Are you able to quote each entry exactly as written?

------ DATA UNDER STUDY ------

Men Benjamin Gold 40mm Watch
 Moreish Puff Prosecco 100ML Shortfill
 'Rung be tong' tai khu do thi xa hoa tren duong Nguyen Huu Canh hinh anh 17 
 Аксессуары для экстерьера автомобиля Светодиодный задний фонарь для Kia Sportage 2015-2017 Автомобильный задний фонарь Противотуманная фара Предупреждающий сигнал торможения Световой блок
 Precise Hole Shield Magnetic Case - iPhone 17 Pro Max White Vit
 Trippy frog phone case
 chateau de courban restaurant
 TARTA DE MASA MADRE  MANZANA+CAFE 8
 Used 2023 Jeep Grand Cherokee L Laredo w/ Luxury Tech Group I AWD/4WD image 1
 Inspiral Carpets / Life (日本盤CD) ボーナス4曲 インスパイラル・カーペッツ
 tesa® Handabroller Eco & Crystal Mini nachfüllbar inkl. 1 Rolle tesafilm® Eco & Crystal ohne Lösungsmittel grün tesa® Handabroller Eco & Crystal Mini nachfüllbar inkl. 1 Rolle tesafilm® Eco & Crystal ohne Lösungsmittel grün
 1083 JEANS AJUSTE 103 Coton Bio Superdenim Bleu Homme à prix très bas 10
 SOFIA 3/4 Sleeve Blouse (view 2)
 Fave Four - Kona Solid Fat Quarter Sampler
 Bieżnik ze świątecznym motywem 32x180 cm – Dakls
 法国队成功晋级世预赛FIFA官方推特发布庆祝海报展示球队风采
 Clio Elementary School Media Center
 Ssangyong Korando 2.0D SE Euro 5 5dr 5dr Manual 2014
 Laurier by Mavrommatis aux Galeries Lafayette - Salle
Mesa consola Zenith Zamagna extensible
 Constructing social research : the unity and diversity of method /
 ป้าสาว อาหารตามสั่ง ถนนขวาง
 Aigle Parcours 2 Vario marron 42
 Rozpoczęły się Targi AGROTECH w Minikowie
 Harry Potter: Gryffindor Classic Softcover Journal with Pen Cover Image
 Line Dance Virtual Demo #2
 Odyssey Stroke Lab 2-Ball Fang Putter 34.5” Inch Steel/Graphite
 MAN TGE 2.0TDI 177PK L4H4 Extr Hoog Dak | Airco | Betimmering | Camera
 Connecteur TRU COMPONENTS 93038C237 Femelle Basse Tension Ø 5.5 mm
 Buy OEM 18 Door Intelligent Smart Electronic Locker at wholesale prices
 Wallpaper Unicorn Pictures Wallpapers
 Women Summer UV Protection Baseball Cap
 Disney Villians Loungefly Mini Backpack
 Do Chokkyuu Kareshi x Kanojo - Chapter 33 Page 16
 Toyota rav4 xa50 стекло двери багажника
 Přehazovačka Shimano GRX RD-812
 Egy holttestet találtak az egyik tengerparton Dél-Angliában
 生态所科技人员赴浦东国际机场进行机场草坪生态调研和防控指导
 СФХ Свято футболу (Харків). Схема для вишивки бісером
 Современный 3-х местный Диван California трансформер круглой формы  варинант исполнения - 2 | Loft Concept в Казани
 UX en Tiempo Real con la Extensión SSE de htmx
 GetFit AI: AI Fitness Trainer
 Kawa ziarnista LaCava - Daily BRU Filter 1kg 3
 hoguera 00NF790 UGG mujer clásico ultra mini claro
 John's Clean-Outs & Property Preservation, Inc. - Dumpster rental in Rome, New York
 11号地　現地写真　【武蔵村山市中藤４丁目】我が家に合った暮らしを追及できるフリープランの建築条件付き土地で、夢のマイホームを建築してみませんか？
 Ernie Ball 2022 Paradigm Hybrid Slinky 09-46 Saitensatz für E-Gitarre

------

— SOLUTION TO THIS EXERCISE —
Men Benjamin Gold 40mm Watch
 Moreish Puff Prosecco 100ML Shortfill
 'Rung be tong' tai khu do thi xa hoa tren duong Nguyen Huu Canh hinh anh 17 
 Аксессуары для экстерьера автомобиля Светодиодный задний фонарь для Kia Sportage 2015-2017 Автомобильный задний фонарь Противотуманная фара Предупреждающий сигнал торможения Световой блок
 Precise Hole Shield Magnetic Case - iPhone 17 Pro Max White Vit
 Trippy frog phone case
 chateau de courban restaurant
 TARTA DE MASA MADRE  MANZANA+CAFE 8
 Used 2023 Jeep Grand Cherokee L Laredo w/ Luxury Tech Group I AWD/4WD image 1
 Inspiral Carpets / Life (日本盤CD) ボーナス4曲 インスパイラル・カーペッツ
 tesa® Handabroller Eco & Crystal Mini nachfüllbar inkl. 1 Rolle tesafilm® Eco & Crystal ohne Lösungsmittel grün tesa® Handabroller Eco & Crystal Mini nachfüllbar inkl. 1 Rolle tesafilm® Eco & Crystal ohne Lösungsmittel grün
 1083 JEANS AJUSTE 103 Coton Bio Superdenim Bleu Homme à prix très bas 10
 SOFIA 3/4 Sleeve Blouse (view 2)
 Fave Four - Kona Solid Fat Quarter Sampler
 Bieżnik ze świątecznym motywem 32x180 cm – Dakls
 法国队成功晋级世预赛FIFA官方推特发布庆祝海报展示球队风采
 Clio Elementary School Media Center
 Ssangyong Korando 2.0D SE Euro 5 5dr 5dr Manual 2014
 Laurier by Mavrommatis aux Galeries Lafayette - Salle
Mesa consola Zenith Zamagna extensible
 Constructing social research : the unity and diversity of method /
 ป้าสาว อาหารตามสั่ง ถนนขวาง
 Aigle Parcours 2 Vario marron 42
 Rozpoczęły się Targi AGROTECH w Minikowie
 Harry Potter: Gryffindor Classic Softcover Journal with Pen Cover Image
 Line Dance Virtual Demo #2
 Odyssey Stroke Lab 2-Ball Fang Putter 34.5” Inch Steel/Graphite
 MAN TGE 2.0TDI 177PK L4H4 Extr Hoog Dak | Airco | Betimmering | Camera
 Connecteur TRU COMPONENTS 93038C237 Femelle Basse Tension Ø 5.5 mm
 Buy OEM 18 Door Intelligent Smart Electronic Locker at wholesale prices
 Wallpaper Unicorn Pictures Wallpapers
 Women Summer UV Protection Baseball Cap
 Disney Villians Loungefly Mini Backpack
 Do Chokkyuu Kareshi x Kanojo - Chapter 33 Page 16
 Toyota rav4 xa50 стекло двери багажника
 Přehazovačka Shimano GRX RD-812
 Egy holttestet találtak az egyik tengerparton Dél-Angliában
 生态所科技人员赴浦东国际机场进行机场草坪生态调研和防控指导
 СФХ Свято футболу (Харків). Схема для вишивки бісером
 Современный 3-х местный Диван California трансформер круглой формы  варинант исполнения - 2 | Loft Concept в Казани
 UX en Tiempo Real con la Extensión SSE de htmx
 GetFit AI: AI Fitness Trainer
 Kawa ziarnista LaCava - Daily BRU Filter 1kg 3
 hoguera 00NF790 UGG mujer clásico ultra mini claro
 John's Clean-Outs & Property Preservation, Inc. - Dumpster rental in Rome, New York
 11号地　現地写真　【武蔵村山市中藤４丁目】我が家に合った暮らしを追及できるフリープランの建築条件付き土地で、夢のマイホームを建築してみませんか？
 Ernie Ball 2022 Paradigm Hybrid Slinky 09-46 Saitensatz für E-Gitarre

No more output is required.